Occupational Accident Coverage

Owner-operators are not employees — they are not covered by workers\' compensation. If you\'re injured while loading, securing cargo, or in an accident while driving, your personal health insurance may deny the claim as a work-related injury. Occupational accident coverage (occ-acc) covers medical expenses, disability income, and accidental death benefits for owner-operators. Annual premiums run $1,200-$2,400. This is not legally required by FMCSA, but the financial exposure of an uncovered work injury while running your own truck is severe.

5. ELD mandate and Hours of Service rules

The Electronic Logging Device mandate under 49 CFR Part 395 replaced paper logbooks for most commercial drivers. For hot shot operators, understanding which exemptions apply — and which do not — is critical before your first long-haul trip.

Full HOS + ELD

Interstate trips beyond 150 air miles (most hot shot work)

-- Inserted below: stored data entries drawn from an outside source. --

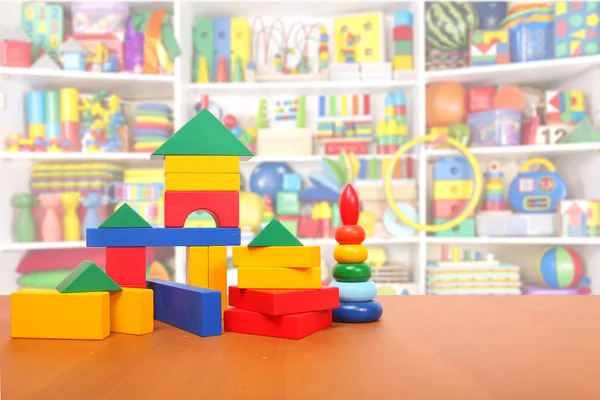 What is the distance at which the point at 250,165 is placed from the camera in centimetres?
269

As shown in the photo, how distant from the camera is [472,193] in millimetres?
2344

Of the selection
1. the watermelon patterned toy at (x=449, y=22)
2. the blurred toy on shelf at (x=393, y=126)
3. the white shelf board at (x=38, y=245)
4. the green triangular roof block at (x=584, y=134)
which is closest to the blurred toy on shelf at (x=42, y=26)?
the white shelf board at (x=38, y=245)

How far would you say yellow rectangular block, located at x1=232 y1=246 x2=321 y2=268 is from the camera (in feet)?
1.96

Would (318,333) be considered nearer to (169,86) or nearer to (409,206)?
(409,206)

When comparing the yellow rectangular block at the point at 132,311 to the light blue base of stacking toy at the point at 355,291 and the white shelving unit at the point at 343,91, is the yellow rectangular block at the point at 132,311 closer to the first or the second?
the light blue base of stacking toy at the point at 355,291

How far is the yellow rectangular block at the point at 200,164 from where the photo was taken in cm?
66

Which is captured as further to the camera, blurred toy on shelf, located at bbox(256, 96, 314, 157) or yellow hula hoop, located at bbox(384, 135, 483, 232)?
blurred toy on shelf, located at bbox(256, 96, 314, 157)

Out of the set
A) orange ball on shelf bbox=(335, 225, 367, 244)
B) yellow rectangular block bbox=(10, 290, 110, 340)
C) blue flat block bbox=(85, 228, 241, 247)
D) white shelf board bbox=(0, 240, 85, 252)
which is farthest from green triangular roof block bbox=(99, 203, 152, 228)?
white shelf board bbox=(0, 240, 85, 252)

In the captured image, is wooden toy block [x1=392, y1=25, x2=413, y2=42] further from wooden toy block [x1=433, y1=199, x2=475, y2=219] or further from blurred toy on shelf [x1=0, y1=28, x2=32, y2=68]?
blurred toy on shelf [x1=0, y1=28, x2=32, y2=68]

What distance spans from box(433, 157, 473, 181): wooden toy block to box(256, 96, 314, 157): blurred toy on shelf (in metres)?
0.61

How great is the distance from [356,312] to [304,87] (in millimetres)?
2014

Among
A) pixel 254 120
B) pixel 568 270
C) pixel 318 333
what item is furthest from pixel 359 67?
pixel 318 333

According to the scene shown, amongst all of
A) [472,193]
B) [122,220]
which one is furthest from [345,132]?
[122,220]

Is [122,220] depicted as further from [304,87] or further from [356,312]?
[304,87] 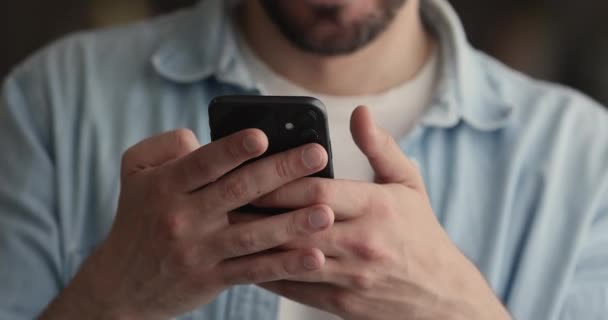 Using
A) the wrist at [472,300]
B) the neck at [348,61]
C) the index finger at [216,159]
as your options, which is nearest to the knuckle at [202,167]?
the index finger at [216,159]

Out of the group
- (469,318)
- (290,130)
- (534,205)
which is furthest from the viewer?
(534,205)

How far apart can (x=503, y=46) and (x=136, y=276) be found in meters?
0.92

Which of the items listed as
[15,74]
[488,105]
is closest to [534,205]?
[488,105]

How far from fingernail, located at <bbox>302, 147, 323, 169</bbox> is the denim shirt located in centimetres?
26

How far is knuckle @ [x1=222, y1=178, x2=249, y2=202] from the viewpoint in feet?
1.56

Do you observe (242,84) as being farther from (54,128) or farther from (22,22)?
(22,22)

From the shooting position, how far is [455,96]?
79cm

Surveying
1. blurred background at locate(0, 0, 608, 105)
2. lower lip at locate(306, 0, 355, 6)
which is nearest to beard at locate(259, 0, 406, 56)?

If your trip takes you more than 150 air miles from your home terminal, you must maintain Records of Duty Status using an FMCSA-registered ELD. The full Hours of Service rules apply: 11 hours driving in a 14-hour consecutive on-duty window, mandatory 30-minute break after 8 hours of driving, 10 consecutive hours off between shifts, and the 60-hour/7-day or 70-hour/8-day on-duty cycle limit.

Short-Haul Exemption

150 air-mile radius from home terminal, return same day

Drivers who (a) operate within a 150 air-mile radius of their home terminal, (b) return to the same location each work shift, and (c) do not exceed 11 hours of on-duty time are exempt from maintaining RODS — and therefore exempt from the ELD requirement. Hot shot operators whose routes are genuinely regional may qualify trip-by-trip. Note: if even one trip in a week exceeds 150 air miles, you must maintain RODS for the entire day of that trip.

Choosing an ELD

Use FMCSA\'s registered ELD list

FMCSA maintains a public list of self-certified ELDs at eld.fmcsa.dot.gov. Only use devices on this list — using an unregistered device does not satisfy the mandate. Popular options for hot shot operators include KeepTruckin/Motive, Samsara, BigRoad, and Verizon Connect. Hardware costs run $100-$300 upfront; subscriptions $25-$50/month. The ELD must connect to the engine\'s ECM to record driving time automatically — it cannot be manually operated to create false logs.

Penalties

HOS and ELD violations carry serious consequences

FMCSA civil penalties for HOS violations range from $1,000 to $16,000 per violation for carriers and up to $3,000 per violation for drivers. More immediately, an inspector can issue an out-of-service order for egregious HOS violations — placing both you and the truck off the road until the violation is corrected. Multiple violations affect your FMCSA Safety Measurement System (SMS) score, which brokers and shippers review. A poor SMS score makes it significantly harder to get loads on load boards.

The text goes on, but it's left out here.